*REQUIRED ACTION:* Once you have read the records below, report how many lines contain the word "handles", and give nothing besides that number.
START DATA EXCERPTS
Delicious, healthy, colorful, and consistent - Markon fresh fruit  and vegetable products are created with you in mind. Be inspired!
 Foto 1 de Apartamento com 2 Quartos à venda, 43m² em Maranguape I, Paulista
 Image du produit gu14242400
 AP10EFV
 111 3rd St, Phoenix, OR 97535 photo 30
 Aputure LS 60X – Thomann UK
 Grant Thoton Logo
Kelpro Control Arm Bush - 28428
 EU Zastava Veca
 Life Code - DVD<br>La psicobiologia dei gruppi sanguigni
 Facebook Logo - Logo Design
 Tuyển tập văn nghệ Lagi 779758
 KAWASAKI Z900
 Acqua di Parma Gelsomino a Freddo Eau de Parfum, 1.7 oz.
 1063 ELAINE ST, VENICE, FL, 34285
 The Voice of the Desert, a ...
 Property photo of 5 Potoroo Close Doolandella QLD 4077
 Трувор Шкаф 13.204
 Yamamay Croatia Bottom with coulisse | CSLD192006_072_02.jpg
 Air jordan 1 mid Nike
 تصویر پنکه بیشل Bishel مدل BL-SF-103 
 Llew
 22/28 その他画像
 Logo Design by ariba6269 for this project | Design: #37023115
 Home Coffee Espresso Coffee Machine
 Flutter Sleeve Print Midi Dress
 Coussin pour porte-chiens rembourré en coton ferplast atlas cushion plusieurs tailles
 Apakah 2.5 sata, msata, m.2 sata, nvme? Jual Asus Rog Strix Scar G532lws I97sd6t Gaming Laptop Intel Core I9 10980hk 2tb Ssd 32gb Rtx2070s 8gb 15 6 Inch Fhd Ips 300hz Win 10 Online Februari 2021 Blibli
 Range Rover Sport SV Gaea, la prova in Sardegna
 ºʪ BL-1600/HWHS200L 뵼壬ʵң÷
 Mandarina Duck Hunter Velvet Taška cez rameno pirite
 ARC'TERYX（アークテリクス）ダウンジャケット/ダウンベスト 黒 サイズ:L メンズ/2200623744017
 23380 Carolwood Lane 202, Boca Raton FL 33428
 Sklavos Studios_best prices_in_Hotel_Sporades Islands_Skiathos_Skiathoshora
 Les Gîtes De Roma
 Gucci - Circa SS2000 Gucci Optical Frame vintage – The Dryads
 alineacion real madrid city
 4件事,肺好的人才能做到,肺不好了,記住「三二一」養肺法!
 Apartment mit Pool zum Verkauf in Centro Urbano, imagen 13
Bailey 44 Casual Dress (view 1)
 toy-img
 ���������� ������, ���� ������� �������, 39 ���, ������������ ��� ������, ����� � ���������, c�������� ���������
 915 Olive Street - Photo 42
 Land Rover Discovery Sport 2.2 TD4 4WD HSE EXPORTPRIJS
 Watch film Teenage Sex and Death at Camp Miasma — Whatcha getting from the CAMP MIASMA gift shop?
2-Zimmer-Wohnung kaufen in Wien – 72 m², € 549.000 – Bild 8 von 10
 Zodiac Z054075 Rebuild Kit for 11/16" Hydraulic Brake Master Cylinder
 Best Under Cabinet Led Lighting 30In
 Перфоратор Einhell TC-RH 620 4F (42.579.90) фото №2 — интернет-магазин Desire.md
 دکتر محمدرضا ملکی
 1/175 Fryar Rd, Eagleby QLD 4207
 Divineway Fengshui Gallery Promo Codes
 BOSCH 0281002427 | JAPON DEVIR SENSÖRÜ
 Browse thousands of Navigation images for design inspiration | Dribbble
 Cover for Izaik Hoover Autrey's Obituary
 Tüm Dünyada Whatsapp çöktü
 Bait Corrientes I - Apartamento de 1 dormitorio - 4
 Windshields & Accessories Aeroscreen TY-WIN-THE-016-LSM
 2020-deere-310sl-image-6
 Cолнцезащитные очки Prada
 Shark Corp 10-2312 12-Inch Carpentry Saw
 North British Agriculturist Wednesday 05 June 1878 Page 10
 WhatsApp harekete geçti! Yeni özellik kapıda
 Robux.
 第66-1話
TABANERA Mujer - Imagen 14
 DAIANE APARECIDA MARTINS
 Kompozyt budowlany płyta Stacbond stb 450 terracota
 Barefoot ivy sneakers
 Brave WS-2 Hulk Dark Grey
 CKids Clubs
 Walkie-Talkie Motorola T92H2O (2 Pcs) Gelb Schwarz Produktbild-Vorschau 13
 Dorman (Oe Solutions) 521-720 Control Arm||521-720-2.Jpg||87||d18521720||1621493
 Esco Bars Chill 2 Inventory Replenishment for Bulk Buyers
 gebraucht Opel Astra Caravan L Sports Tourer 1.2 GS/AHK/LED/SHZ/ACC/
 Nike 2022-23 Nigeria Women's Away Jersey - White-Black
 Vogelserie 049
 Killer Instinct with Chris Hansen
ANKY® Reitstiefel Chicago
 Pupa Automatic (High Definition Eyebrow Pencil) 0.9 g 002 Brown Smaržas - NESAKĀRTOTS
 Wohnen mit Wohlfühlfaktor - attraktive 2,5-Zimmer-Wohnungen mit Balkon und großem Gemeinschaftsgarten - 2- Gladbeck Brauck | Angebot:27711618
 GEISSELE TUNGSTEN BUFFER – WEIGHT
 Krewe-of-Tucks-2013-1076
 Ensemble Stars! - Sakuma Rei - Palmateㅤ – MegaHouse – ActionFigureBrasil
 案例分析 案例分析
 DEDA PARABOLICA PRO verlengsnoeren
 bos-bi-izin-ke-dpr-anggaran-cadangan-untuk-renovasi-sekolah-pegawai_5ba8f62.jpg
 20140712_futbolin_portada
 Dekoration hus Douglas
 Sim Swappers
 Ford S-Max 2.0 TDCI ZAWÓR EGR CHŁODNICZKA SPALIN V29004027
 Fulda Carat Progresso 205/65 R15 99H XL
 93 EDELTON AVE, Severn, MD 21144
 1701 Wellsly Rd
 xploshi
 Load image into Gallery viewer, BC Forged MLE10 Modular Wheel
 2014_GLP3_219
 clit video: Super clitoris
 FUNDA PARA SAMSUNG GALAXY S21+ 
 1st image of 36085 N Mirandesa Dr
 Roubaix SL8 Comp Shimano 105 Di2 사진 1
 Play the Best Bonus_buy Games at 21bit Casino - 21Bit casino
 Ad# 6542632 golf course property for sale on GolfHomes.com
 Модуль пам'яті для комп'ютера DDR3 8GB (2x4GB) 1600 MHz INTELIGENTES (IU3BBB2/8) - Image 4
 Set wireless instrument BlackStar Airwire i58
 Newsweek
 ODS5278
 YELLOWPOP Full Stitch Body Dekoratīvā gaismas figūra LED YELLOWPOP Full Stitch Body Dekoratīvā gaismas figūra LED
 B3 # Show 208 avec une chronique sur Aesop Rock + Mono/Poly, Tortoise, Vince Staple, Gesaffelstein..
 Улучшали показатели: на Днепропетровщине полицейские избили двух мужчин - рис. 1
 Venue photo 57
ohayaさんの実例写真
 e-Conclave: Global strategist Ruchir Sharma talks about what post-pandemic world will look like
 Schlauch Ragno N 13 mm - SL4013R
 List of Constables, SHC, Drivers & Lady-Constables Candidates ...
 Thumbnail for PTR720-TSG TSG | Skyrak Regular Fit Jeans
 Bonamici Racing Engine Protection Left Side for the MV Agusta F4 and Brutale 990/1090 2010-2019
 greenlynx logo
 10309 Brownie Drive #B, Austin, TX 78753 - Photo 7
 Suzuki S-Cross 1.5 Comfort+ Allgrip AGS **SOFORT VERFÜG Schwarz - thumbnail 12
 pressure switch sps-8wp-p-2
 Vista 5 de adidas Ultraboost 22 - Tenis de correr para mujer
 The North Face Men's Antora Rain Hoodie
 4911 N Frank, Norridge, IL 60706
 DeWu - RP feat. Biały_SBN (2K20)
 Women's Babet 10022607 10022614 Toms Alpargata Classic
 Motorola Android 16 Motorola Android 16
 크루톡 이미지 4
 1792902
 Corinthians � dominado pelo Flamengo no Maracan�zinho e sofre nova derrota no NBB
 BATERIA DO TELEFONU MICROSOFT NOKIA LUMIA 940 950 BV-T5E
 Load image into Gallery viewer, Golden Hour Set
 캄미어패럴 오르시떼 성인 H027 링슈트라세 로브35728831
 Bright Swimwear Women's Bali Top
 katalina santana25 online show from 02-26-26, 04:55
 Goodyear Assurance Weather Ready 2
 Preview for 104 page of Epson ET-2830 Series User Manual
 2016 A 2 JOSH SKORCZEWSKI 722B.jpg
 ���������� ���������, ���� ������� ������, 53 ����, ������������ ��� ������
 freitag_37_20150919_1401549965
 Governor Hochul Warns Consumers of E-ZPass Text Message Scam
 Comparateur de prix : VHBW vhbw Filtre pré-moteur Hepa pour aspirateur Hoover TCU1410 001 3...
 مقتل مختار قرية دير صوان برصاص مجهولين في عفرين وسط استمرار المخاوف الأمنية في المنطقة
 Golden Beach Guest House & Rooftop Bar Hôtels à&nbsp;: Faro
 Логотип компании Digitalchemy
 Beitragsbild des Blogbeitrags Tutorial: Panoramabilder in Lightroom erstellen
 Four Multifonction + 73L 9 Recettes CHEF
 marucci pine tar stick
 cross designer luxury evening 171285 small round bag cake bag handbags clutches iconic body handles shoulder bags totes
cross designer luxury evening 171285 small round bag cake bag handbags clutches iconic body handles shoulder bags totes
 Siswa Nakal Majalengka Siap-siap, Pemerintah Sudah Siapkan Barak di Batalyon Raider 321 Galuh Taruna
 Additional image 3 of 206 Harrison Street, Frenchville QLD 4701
END DATA EXCERPTS
*SOLUTION TO THIS EXERCISE:* 2